The above code does not compile because case d: Dog and case _ are unreachable. By specification, identifiers starting with lower case letters are interpreted as variable pattern, which matches anything. You can place backtick around the variable as follows:

case `iMax` => println("iMax")

or just don't name the singletons starting with lower case letters if you're going to use it in pattern matching.

Answer 18

Sicking to imperative designs, instead of using the more functional approach that Scala encourages.

Bad:

class Item(val name: String)

val items: ListMap[String, Item] = new ListMap()

val itemOne   = new Item("One")
val itemTwo   = new Item("Two")
val itemThree = new Item("Three")

items += itemOne.name   -> itemOne
items += itemTwo.name   -> itemTwo
items += itemThree.name -> itemThree

Good:

case class Item(name: String)

val itemSeq = Seq(
  Item("One"),
  Item("Two"),
  Item("Three"))

val itemMap = itemSeq.map(i=> i.name -> i).toMap

The second approach eliminates a number of possible problems.

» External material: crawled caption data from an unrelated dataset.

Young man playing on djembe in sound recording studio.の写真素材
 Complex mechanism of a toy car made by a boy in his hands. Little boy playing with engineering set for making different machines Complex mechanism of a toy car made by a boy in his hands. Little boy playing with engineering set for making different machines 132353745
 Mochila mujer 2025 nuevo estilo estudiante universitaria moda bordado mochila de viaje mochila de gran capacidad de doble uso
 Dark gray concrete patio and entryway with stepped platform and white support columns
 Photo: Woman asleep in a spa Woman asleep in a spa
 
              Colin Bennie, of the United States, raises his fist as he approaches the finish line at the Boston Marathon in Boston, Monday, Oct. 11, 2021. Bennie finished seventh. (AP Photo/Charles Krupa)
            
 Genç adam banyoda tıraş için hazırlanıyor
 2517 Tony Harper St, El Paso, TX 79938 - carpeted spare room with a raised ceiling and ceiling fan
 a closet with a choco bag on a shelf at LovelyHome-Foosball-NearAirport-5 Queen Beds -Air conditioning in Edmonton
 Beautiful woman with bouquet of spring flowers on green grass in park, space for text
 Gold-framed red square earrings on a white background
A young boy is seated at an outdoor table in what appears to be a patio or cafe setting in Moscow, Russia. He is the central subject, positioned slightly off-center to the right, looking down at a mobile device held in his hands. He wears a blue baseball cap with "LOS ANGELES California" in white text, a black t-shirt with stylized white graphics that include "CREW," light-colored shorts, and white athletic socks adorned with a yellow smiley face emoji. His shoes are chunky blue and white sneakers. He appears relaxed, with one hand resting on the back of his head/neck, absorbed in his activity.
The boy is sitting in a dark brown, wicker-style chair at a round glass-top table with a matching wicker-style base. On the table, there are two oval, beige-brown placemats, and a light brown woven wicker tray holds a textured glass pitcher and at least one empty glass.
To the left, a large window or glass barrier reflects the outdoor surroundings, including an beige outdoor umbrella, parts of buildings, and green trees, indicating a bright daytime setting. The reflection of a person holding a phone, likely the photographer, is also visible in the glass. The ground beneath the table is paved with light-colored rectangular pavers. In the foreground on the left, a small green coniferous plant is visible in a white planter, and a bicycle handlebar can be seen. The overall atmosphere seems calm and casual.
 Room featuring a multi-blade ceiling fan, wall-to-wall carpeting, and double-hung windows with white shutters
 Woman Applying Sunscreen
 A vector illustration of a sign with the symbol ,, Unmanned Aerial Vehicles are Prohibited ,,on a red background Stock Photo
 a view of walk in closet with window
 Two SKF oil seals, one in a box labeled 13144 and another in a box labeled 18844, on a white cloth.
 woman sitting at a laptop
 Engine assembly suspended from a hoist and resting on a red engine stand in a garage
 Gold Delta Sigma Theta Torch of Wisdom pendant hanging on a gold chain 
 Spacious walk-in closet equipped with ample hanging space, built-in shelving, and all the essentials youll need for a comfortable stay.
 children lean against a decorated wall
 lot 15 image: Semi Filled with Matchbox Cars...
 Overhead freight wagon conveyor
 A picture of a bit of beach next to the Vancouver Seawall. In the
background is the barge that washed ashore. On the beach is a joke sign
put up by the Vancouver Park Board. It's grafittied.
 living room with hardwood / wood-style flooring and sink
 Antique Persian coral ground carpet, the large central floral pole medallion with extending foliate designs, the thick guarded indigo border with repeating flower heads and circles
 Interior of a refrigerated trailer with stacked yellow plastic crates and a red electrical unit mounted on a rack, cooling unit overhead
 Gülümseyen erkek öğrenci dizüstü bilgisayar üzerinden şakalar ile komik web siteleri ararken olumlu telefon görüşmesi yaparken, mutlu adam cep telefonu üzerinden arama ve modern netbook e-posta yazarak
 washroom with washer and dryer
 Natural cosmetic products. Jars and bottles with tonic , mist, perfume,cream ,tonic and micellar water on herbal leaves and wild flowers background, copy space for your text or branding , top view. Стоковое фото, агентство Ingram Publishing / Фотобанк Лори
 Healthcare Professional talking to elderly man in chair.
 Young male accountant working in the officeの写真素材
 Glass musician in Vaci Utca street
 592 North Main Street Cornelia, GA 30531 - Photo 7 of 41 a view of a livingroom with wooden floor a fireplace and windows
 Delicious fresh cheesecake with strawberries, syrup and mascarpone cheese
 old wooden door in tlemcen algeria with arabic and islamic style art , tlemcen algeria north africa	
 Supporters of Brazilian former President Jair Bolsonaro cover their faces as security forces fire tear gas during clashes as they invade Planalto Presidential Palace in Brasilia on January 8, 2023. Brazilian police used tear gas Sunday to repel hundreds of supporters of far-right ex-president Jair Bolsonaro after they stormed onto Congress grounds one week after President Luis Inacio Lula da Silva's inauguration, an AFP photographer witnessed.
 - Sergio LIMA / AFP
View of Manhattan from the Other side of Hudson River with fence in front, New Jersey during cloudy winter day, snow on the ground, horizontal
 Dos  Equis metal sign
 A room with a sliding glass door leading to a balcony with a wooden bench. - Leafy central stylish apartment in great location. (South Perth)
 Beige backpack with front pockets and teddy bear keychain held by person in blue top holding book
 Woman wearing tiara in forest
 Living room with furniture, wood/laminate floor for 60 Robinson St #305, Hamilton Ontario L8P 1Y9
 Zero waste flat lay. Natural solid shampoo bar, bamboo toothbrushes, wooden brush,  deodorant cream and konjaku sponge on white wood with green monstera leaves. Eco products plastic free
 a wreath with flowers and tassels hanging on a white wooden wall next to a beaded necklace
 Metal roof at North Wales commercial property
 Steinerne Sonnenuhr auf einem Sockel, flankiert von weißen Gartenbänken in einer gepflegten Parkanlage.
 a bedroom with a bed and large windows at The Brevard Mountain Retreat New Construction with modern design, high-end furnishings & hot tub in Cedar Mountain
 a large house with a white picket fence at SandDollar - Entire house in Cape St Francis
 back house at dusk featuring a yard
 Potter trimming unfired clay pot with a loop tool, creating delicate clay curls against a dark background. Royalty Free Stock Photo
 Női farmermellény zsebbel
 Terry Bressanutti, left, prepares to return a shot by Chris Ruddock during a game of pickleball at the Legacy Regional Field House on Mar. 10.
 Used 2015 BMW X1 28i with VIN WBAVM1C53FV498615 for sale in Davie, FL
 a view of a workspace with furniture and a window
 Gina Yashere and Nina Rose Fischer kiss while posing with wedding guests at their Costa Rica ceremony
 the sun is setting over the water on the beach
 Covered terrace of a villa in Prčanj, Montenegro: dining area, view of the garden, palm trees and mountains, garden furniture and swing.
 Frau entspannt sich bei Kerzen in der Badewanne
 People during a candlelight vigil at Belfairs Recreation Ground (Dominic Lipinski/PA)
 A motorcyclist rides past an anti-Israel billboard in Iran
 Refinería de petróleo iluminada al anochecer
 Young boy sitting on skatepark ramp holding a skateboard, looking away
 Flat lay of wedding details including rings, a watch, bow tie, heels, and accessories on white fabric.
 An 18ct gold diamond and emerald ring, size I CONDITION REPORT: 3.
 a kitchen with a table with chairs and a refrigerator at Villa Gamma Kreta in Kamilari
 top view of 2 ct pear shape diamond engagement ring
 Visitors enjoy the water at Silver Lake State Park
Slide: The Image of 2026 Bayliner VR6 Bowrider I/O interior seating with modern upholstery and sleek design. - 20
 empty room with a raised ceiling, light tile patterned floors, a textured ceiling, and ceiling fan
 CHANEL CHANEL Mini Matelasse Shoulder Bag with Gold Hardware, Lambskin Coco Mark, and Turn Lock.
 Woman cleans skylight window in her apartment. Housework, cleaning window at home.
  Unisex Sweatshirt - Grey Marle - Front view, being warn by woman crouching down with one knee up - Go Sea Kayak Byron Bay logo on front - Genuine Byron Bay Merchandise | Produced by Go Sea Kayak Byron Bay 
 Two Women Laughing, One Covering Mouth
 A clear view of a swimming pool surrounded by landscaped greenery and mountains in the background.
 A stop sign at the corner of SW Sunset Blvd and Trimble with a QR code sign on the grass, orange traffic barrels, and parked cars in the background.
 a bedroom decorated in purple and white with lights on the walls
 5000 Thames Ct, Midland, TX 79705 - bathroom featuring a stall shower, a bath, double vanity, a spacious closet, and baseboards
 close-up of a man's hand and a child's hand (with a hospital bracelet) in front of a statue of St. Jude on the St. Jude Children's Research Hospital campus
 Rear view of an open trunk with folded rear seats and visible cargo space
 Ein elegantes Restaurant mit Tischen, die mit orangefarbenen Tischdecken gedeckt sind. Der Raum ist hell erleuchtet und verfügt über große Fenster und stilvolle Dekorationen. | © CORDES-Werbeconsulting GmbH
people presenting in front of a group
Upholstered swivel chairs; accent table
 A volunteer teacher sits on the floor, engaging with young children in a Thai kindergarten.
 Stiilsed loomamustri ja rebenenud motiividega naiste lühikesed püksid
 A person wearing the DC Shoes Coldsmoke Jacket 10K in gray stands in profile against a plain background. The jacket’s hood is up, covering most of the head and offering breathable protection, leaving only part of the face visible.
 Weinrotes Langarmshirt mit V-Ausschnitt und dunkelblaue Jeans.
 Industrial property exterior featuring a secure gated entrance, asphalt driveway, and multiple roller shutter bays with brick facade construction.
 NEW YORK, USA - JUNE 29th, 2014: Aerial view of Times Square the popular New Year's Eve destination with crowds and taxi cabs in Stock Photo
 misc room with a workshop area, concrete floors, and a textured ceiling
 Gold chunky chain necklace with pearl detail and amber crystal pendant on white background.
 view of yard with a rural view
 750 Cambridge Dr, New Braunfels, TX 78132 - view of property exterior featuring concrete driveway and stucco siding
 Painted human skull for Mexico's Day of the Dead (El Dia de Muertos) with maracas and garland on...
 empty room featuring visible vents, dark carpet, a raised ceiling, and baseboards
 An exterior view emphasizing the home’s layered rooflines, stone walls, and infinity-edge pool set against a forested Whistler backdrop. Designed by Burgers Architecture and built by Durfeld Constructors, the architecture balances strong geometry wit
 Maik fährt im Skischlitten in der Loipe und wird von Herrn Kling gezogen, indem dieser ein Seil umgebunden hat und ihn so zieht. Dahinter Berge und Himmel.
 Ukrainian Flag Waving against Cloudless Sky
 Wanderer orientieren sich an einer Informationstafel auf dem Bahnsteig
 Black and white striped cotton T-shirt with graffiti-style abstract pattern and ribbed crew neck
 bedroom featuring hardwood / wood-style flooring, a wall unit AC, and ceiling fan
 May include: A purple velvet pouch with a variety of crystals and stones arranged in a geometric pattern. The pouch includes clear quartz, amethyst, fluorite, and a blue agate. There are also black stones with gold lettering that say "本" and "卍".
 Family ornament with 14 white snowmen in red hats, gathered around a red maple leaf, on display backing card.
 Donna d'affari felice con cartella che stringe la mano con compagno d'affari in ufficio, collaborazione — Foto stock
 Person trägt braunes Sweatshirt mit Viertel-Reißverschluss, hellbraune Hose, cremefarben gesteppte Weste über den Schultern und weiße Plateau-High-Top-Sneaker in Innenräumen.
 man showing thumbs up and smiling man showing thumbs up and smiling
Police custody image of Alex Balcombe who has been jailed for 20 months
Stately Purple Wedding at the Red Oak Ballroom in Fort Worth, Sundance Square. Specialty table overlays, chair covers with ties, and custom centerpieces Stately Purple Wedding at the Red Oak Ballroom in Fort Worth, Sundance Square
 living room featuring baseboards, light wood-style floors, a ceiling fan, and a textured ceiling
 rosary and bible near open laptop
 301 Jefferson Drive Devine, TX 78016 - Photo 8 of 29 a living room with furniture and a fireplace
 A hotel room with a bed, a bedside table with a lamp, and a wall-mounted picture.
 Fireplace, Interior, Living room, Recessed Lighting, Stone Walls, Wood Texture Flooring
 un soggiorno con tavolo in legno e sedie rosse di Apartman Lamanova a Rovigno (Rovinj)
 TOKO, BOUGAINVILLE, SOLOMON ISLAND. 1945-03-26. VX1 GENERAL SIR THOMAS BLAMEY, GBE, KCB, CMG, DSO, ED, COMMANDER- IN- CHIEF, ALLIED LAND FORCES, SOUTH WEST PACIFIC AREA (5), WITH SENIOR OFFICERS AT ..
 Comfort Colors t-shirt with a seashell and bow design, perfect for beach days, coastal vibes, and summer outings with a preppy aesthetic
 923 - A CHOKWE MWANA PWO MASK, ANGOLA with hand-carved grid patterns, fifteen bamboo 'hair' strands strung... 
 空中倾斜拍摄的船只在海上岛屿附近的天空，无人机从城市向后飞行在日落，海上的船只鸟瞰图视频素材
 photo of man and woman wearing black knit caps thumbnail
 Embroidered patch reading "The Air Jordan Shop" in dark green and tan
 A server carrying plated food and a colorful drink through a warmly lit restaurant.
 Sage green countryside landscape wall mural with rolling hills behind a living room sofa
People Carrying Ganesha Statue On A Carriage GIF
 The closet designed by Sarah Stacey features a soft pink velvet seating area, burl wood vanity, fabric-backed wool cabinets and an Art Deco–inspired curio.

• by constructing the map in a single operation, it can't be seen from another thread in a partially-built state
• The map is immutable, you can be certain that it wont be changed elsewhere. The JVM can also use this to optimise for more performance.
• There's less duplication, reducing the risk of human error.

Answer 19

There is a difference between foreach and foreach(_) - consider the following code:

object Foo {
  var function: (Int)=>Unit = firstFunction

  def firstFunction(a: Int): Unit  = { 
    println("First: "+a)
    function = secondFunction 
  }

  def secondFunction(a: Int): Unit = { println("Second: "+a); }

  def main() = (1 to 2).foreach(function)
  def main2() = (1 to 2).foreach(function(_))
}

Calling Foo.main() will print

First: 1
First: 2

Calling Foo.main2() will print

First: 1
Second: 2

That's because foreach will execute it's argument, in the first example that's the current value of function, in the second, it's a function that calls the current value of function.